# D40x auto focus problem. Is the lens broken??



## omiya (May 4, 2008)

Hello, 
I'm new to this forum and to SLR cameras. My family got me D40x for my birthday few weeks ago as taking pictures is my big hobbie. 
At first I used the auto option on the camera because I didn't know how to use anything manual yet. After about a week of taking beautiful pictures something went wrong. When I press the button to take a picture I hear a strange squeeking noise and camera fails to autofocus and fails to take a picture. 
Sometimes when the object is close, the camera works and the picture is taken but it happens 1 out of maybe 10 trials. 
I since learned how to focus manually, but I'm still bad in this and some of my pictures come out with no focus (it seems that after I focus manually, the focus ring moves a bit and this causes the picture to be off focus)
I hope I'm making sense. 
I can't return the camera anymore, it's been more than 14 days, but I'm hoping that maybe it's not the camera and not the lens.
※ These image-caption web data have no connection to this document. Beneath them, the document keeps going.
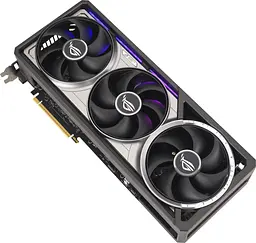 Відеокарта ASUS RTX 5080 16GB ROG Astral (ROG-ASTRAL-RTX5080-16G-GAMING) (GDDR7, 256 bit, PCI-E v5.0 x16) - мініатюра 6
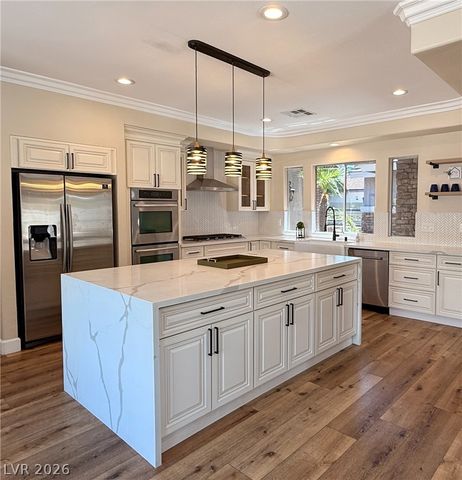 3658 Miguels Lane, Las Vegas, NV 89120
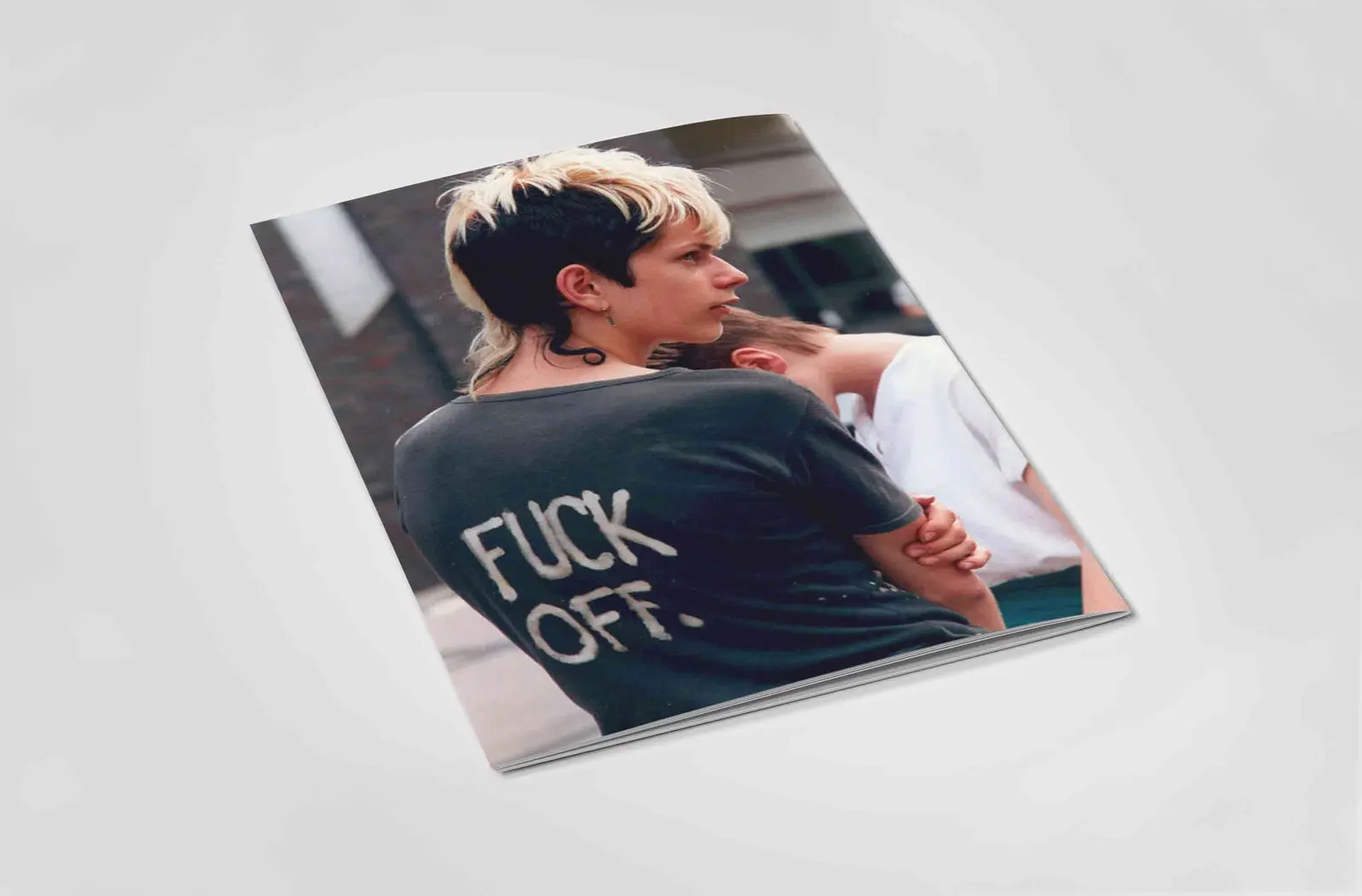 1960s–1980s Six Books + Print Boxset image 8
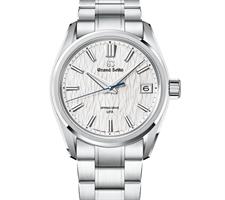 Grand Seiko Watches SLGB009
Maybe I'm just doing something wrong???
Thanks a lot
Any help appreciated!

P.S. I have 18-55 nikkor lens


----------



## Overread (May 4, 2008)

It should still have its 1 year warrenty (unless that is not present in the US).
But a squeaking noise is not normal - I would go back and ask at the shop I really would as you say you have been unable to get good results where in the past you did that means something is bust; and without you bashing the kit about it might just be a manufacture error that has come to light after use.


----------



## Jim H (May 4, 2008)

Don't profess to be an expert, but thought the whole D40 series didn't have AF ... unless using a lens with an internal motor. If that is accurate, it's your lens ... not the camera.


----------



## omiya (May 4, 2008)

yeah, before buying the camera I read that the lens has a motor for the autofocus. 

I'll try to see what's going on with the warranty. Very upsetting that my first experience is not a good one. 

What about the manual focus that doesn't seem to stay in place, is it my skill or once again it could be a problem with the lens??
thanks


----------



## Overread (May 4, 2008)

well if the motor elements in the lens are broken in some way then there is a very strong chance that this might be directly affecting your manual focus -- skill is one thing but if the kit is damaged thats it.
It might just be a once off error on manufacture so don't beat yourself up over it


----------



## Mav (May 4, 2008)

The 18-55 has the internal motor.  You shouldn't be hearing any squeaking noises though.  Just double check that you didn't actually flip the lens into manual focus mode.  If it still doesn't work, just call Nikon and they'll send you a replacement.


----------



## JimmyO (May 4, 2008)

yup, sounds like the lense, i would call Nikon


----------



## Mav (May 4, 2008)

BTW, if you want to manually focus, you need to make sure to flip the lens in to manual focus mode.  It has the cheap AF-S variant which doesn't allow instant manual focus override.  You "may" damage the lens if you try to manually focus while it's still in Auto mode.  The manual switch disengages a clutch mechanism to allow the manual focusing.


----------



## omiya (May 4, 2008)

thanks!
Do I also have to change to manual focus in the settings every time?


----------



## Mav (May 4, 2008)

The switch on the lens, yes!  The fancier AF-S lenses give you instant manual focus override, so no need to mess around with switching, which is nice.


----------